Basically, it’s paleo 2.0. You’re cutting out processed foods and sugars, gluten, and most dairy but with a vegan-like emphasis on vegetables. The goal is to make 75% of your diet plant-based. That translates to eating one 4-6oz serving of meat per meal, plus three or more veggie sides. I can almost feel my body thrumming with energy and health just thinking about it!
The Pegan Diet’s creator, Dr. Frank Hyman, recently wrote an in-depth how-to on how to eat pegan. As someone who eats mostly paleo, but occasionally enjoys foods like beans and gluten-free grains, his protocol seems less restrictive and even healthier than what I’m used to.
Five Reasons To Try The Pegan Diet
1. You’ll reduce your sugar intake.
Refined sugars and carbohydrates are not your friends. They cause spikes in insulin levels that lead to everything from mood swings to weight gain. And who needs any of that? Personally, I don’t believe in cutting anything completely out of my diet. I feel like the forbidden fruit is almost always more appealing. So when I want to enjoy a beautiful handmade pasta, or if I’ve baked up my signature chocolate pecan pie at Thanksgiving, I dive right in. But that handful of gummy bears or slice of bread? Not worth it. The Pegan Diet is built with the same philosophy.
2. You’ll eat more plants.
A mounting body of evidence points to plant-based eating as the cornerstone of good health. The converse is also true: diets high in animal proteins have been linked to everything from heart disease to Alzheimer’s. The Pegan Diet addresses these concerns by viewing meat more as a condiment, hence that 4-6 oz serving size.
As a longtime member of the fitness community, this is an area that I need to work on. For so long, we’ve been told we need huge amounts of protein to build muscle and stave off hunger. It turns out that was bad info, so this is one adjustment I really need to make.
3. You’ll Ditch Hidden Frankenfats
One of Whole 30’s biggest eye-openers for me is how often processed oils like soybean and canola sneak into our foods. At best, these unhealthy fats clog up the system and cause indigestion, at worst, they’ll contribute to or create serious health problems. The Pegan Diet is free of these unhealthy fats, emphasizing olive and avocado oils instead.

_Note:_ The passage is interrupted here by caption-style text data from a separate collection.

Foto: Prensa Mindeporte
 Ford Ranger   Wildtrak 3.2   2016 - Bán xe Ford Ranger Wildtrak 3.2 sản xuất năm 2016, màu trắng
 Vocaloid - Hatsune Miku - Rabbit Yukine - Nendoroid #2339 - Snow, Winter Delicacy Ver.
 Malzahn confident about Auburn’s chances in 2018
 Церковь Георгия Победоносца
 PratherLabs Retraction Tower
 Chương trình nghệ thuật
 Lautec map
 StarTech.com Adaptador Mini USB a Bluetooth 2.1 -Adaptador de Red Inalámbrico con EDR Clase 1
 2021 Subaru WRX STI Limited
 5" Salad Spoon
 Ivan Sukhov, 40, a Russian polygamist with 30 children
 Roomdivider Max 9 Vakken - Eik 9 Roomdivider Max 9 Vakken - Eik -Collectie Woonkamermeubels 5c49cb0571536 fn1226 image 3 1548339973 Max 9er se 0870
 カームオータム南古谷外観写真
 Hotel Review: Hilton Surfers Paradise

4. You Can Still Enjoy Grains In Moderation
When I’m working out really hard, I need to eat a serving of grains with every meal, otherwise I start feeling tired and dizzy. This is a BIG struggle when I’ve tried to do Whole 30 and BBG at the same time. In fact, I’ve never been successful no matter how much sweet potatoes and squash I piled onto my plate. This adjustment from traditional paleo seems much more closely aligned to my body’s needs. It also makes eating out a whole lot easier.
5. Your Skin Will Thank You
As someone who suffers from cystic acne, I can tell you that gluten, dairy and sugar are your skin’s worst enemies. The Pegan Diet reduces all three. In theory, this creates a skin-soothing, anti-inflammatory effect that reduces acne and may even prevent wrinkles. I’ve personally seen a huge improvement since incorporating paleo principals into my diet, and I’m hopeful that taking them one step further will eradicate my acne for good.
I’ll be reporting back with an update after a few months of this lifestyle change. In the meantime, have you tried The Pegan Diet? Tell me about your experience in comments!